La virgen de agosto | Crítica

El verano y la ciudad

El verano y la ciudad presiden el ambiente y el paisaje sentimental y anímico del cine de Jonás Trueba, que se revela película a película, y ya van cinco (Todas las canciones hablan de mí, Los ilusos, Los exiliados románticos, La reconquista), como el gran retratista contemporáneo de un Madrid popular y semivacío propicio para el flâneur, los encuentros y los azares, la reflexión y esos amores furtivos que tal vez hagan olvidar las decepciones del otoño y el invierno.

La virgen de agosto asume así su condición de filme estacional, rodado al ritmo y el calendario del santoral y las verbenas populares, las noches alargadas, el ruido de los bares de cierre y los paseos diurnos, para desplegar nuevas variaciones sobre el autodescubrimiento a contracorriente, ahora con pleno protagonismo femenino (escribe, siente y protagoniza Itsaso Arana) y bajo el innegable influjo de esos maestros franceses que, como Rohmer, Garrel o Eustache, hicieron del naturalismo de lo cotidiano, de la luz y los colores de un instante, la quintaesencia para sus cuentos morales y enredos sentimentales.

Pero La virgen de agosto se articula también bajo el influjo de Emerson y Cavell, filósofos norteamericanos que hablaron de la naturaleza trascendental o de la comedia popular del Hollywood de los años 30 como territorios para la exploración y la sublimación de los deseos y las frustraciones, escapatorias de una vida rutinaria y pautada que, como esta película, parece haberse suspendido aunque sólo sea por una quincena para abrirse a la aventura, al diálogo con lo castizo, al turismo interior, a la emoción íntima ante el espejo, a la posibilidad del milagro incluso.

Hecha de trayectos, encuentros y palabras, La virgen de agosto celebra la vida, el tiempo, el verano y Madrid con un leve poso de melancolía, en un acto de cinefilia bien integrado y con la complicidad impagable de los amigos (Stoffel, Sanz, Carril), tocados todos por esa suave mano que los acompaña en una naturalidad que deja espacio a la improvisación y hace que esos parlamentos y diálogos cargados de citas y referencias nunca chirríen a pesar de su condición escrita.

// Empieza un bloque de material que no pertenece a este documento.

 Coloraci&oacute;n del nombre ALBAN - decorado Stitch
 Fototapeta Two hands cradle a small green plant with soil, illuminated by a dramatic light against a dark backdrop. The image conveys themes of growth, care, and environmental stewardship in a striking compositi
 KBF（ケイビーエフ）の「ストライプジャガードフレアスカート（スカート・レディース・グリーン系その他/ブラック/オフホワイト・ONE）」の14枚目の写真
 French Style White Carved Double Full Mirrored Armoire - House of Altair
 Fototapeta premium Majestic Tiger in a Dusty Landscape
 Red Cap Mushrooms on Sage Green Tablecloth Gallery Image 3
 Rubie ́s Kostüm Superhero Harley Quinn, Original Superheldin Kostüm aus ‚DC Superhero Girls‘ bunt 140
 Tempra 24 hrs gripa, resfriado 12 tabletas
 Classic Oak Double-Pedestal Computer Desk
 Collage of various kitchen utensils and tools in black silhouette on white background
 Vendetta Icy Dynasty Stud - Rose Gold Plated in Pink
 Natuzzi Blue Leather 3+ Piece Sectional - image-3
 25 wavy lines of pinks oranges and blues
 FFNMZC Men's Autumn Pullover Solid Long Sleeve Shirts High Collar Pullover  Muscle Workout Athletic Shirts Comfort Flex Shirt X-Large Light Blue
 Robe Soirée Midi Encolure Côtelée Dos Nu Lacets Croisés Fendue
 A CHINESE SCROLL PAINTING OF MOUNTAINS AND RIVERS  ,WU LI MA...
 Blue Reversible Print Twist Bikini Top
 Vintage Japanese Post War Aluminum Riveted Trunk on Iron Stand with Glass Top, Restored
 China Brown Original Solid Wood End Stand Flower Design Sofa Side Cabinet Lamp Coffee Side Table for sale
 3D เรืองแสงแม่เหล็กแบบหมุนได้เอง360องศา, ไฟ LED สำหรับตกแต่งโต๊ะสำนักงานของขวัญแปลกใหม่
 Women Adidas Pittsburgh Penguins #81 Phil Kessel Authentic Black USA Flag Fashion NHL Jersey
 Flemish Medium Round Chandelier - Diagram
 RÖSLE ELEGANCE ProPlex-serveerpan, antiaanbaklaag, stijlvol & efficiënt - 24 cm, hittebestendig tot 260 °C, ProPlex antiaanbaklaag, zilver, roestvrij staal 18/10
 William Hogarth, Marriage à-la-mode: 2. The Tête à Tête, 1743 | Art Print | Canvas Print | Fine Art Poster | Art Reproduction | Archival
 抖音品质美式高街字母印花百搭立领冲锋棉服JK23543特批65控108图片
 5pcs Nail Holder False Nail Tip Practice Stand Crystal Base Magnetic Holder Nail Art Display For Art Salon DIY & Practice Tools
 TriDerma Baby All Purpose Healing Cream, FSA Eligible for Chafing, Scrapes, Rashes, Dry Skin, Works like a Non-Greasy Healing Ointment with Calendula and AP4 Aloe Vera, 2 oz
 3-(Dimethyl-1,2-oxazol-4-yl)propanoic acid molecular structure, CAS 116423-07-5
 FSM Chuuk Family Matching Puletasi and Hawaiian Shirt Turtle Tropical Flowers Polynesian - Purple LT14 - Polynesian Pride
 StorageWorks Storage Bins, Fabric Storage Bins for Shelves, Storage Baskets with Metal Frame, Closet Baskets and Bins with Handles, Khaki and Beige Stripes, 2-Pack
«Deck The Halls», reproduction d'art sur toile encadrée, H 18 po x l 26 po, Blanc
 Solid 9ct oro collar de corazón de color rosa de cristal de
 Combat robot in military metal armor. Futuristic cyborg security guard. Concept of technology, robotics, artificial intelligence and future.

También aquí, como en aquella primera película de Trueba, todas las canciones hablan de ellos, o en todo caso, todas trazan y describen, desde el acordeón de los créditos al pasodoble de La verbena de la paloma, de La Bien Querida a Soléa Morente, una atmósfera propicia y cálida que envuelve a sus criaturas en su camino de confesión y reconocimiento, en ese proceso en el que incluso la desesperación puede ahuyentarse con la brisa fresca del amanecer en la ribera del Manzanares.